A team of cardiologists and public health researchers has shown that the average of the second and third measurements, taken about five minutes apart, provides a more reliable assessment of blood pressure than a single measurement.
The researchers at the All India Institute of Medical Sciences, New Delhi, and the Public Health Foundation of India, Gurgaon, have shown that relying on a single blood pressure reading is likely to provide a 63 per cent higher prevalence figure for hypertension.
“Multiple readings must be taken to prevent over-diagnosis and unnecessary treatment,” Ambuj Roy, professor of cardiology at the AIIMS, told The Telegraph. “Our findings highlight errors in diagnosis that may happen with a single measurement.”
Although earlier studies have shown that repeated blood pressure measurements are superior to a single measurement in assessing the true blood pressure, the researchers point out that there is no consensus yet among medical guidelines on the ideal number of measurements.

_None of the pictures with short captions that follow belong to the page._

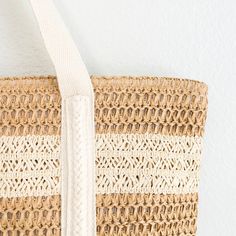 In Stock! Fast Shipping from Los Angeles! Soar to new fashion heights with Elena's Handbags Straw Woven Beach Tote! Large enough to accommodate all your essentials - and some - this bold and beautiful tote is perfect for beach days, poolside lounging, and making a strong style statement. Take a risk and go for the wow! Size: 35cm wide x 30cm tall (14in x 12in) Zipper Closure Designer Style ID: 8360 Large Straw Woven Tote Bag, Summer Bag, Everyday Shoulder Bag, Beach Bag Summer Bucket Bag For Daily Use, Beachy Tote Bucket Bag For Beach, Summer Shoulder Bag In Sand For Everyday Use, Summer Beach Tote Bucket Bag, Lightweight Beachy Straw Travel Bag, Lightweight Beachy Straw Bag For Travel, Summer Bucket Bag Tote For Vacation, Summer Style Bucket Tote Bag For Vacation, Summer Bucket Bag For Beach Vacation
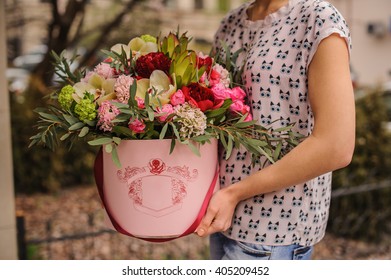 Beautiful  Mix Flower Bouquet In Round Box With Lid Hold By Woman 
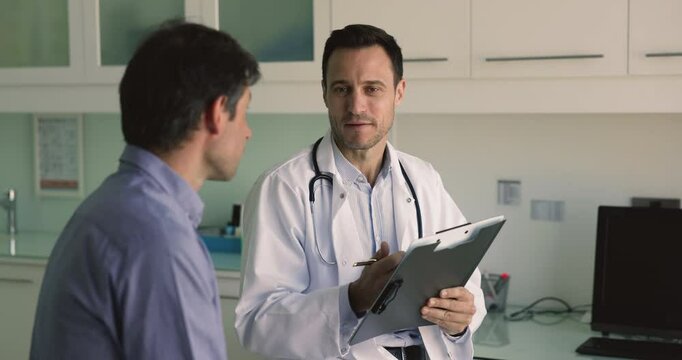 Positive male Latin doctor talking to patient on appointment in clinic, filling up survey, writing notes, keeping records, asking about healthcare complaints, sickness symptoms, smiling, speaking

In clinical practice, a single blood pressure measurement is often used to diagnose and manage hypertension. “We’ve shown through a nationwide dataset that single readings may lead to overestimation of the true value, unnecessary treatment and misleading picture of the burden of hypertension,” Dorairaj Prabhakaran, a senior cardiologist and vice-president of the PHFI, told this newspaper.

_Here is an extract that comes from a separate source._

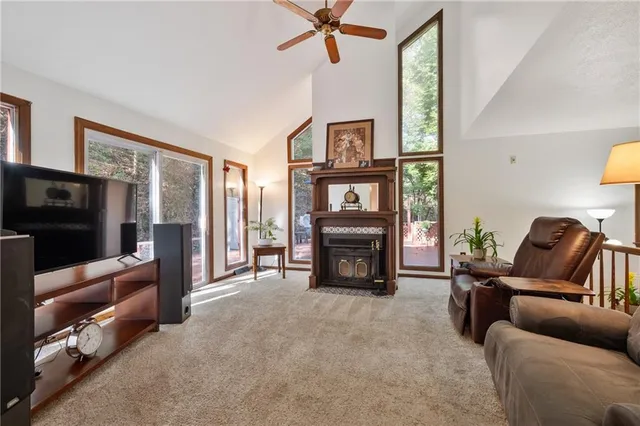 a view of a livingroom with furniture and staircase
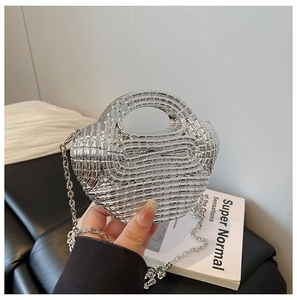 Detailed view of hand-held silver woven beaded handbag with reflective metallic finish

The AIIMS-PHFI researchers relied on blood pressure measurements done during the National Family Health Survey 2015-16 and tracked how readings changed with second or third measurements. Their findings, based on a dataset of over 670,000 people, were published on Friday in the Journal of Human Hypertension.

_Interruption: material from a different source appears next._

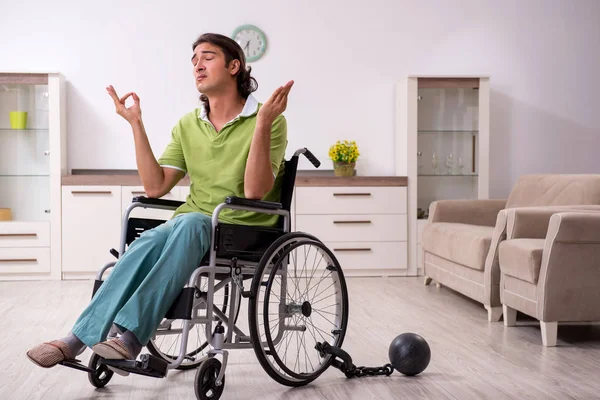 Jeune homme invalide en fauteuil roulant souffrant à la maison — Photo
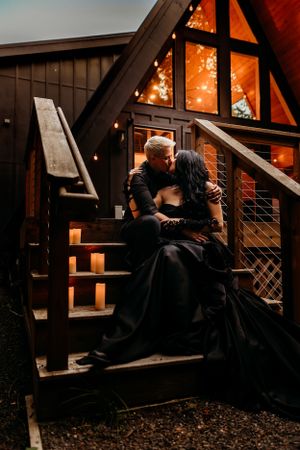 A couple sits romantically on wooden stairs of a cabin decorated with string lights.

The study found that in patients aged between 15 and 49, a single blood pressure measurement suggested the prevalence of hypertension was 16.5 per cent. But when the average of the second and third measurements was taken, the prevalence dropped to 10.1 per cent.
“Such large reductions in the numbers of people needing treatment through a simple change in diagnostic protocol has huge implications for individual patients as well as the public health system,” said Prabhakaran.
Doctors have known for long that multiple factors, including exercise, meals, tobacco, temperature, a full bladder and pain, can influence blood pressure readings moment by moment. “Medical practitioners must be encouraged to adopt the practice of repeated measurements during the same visit,” Roy said.
The prescribed minimum of three blood pressure measurements taken three to five minutes apart will mean patients might need to spend an extra 10 to 15 minutes in the clinic as the repeat readings are taken by a nurse or a paramedic.
“This could prevent misdiagnosis and unnecessary treatment in patients who may only need to adopt lifestyle changes and could avoid drug treatment,” Prabhakaran said.
Ashish Awasthi, a biostatistician and team member, said a well-known condition called “white-coat hypertension” that elevates blood pressure in the presence of doctors may also explain the misleading first reading.